Global equity markets look set for a strong year in 2026, with UBS arguing that accelerating AI adoption, supportive economic conditions and monetary easing will play a central role in driving returns.
In a note published this week, UBS said the strong AI outlook “should underpin markets in 2026,” following upbeat guidance from NVIDIA that lifted Nasdaq futures nearly 2% ahead of the U.S. open on 20 November.
However, those gains were quickly erased with the Nasdaq closing over 2% lower and Nvidia closing the session down more than 3%.
Nevertheless, UBS said NVIDIA’s comments, without taking a single-company view, reinforce its conviction that “AI and technology will remain the key drivers of global equity markets in 2026.”

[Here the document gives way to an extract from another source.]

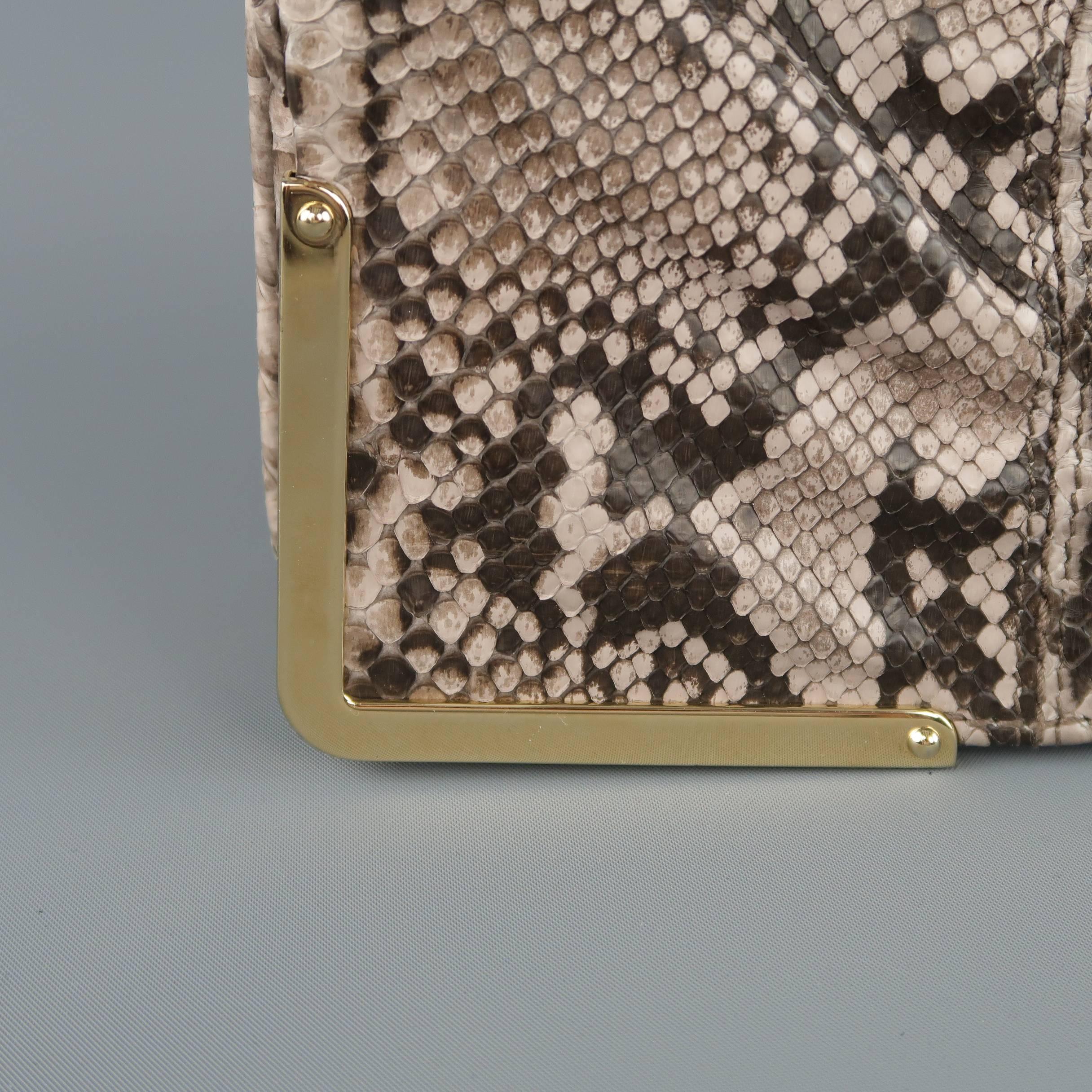 Brown BALLY Gray Snakeskin Leather Gold Hardware Accordion Clutch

The bank highlighted that transformational innovation, coupled with “continued strong capex and growing evidence of AI monetization,” is likely to fuel further gains across AI-linked stocks next year.
But UBS added that AI-related investment opportunities extend beyond technology. It noted that rising electricity demand is boosting activity across “power generation, energy storage, and grid infrastructure,” while structural growth in longevity, companies helping people live longer and healthier lives, remains compelling.
UBS expects Federal Reserve rate cuts through the first quarter to provide another tailwind, forecasting the S&P 500 to reach 7,700 by year-end 2026.
Beyond the U.S., UBS sees opportunities in Japan, Europe and China. It rates Japanese equities as Attractive, citing rebounding corporate earnings and supportive policies.
China’s tech sector “stands out as a top global opportunity,” benefiting from innovation, policy support and robust earnings. Europe has also been upgraded to Attractive, with UBS projecting 7% earnings growth for the Euro Stoxx 50 next year.
UBS also upgraded commodities to Attractive, supported by supply constraints and rising demand, while gold should gain from lower real yields and geopolitical uncertainty. Quality bonds remain important, though UBS is cautious on riskier credit.
The bank concluded that with a clear plan and diversified portfolio, investors “can position themselves to thrive in 2026 and beyond.”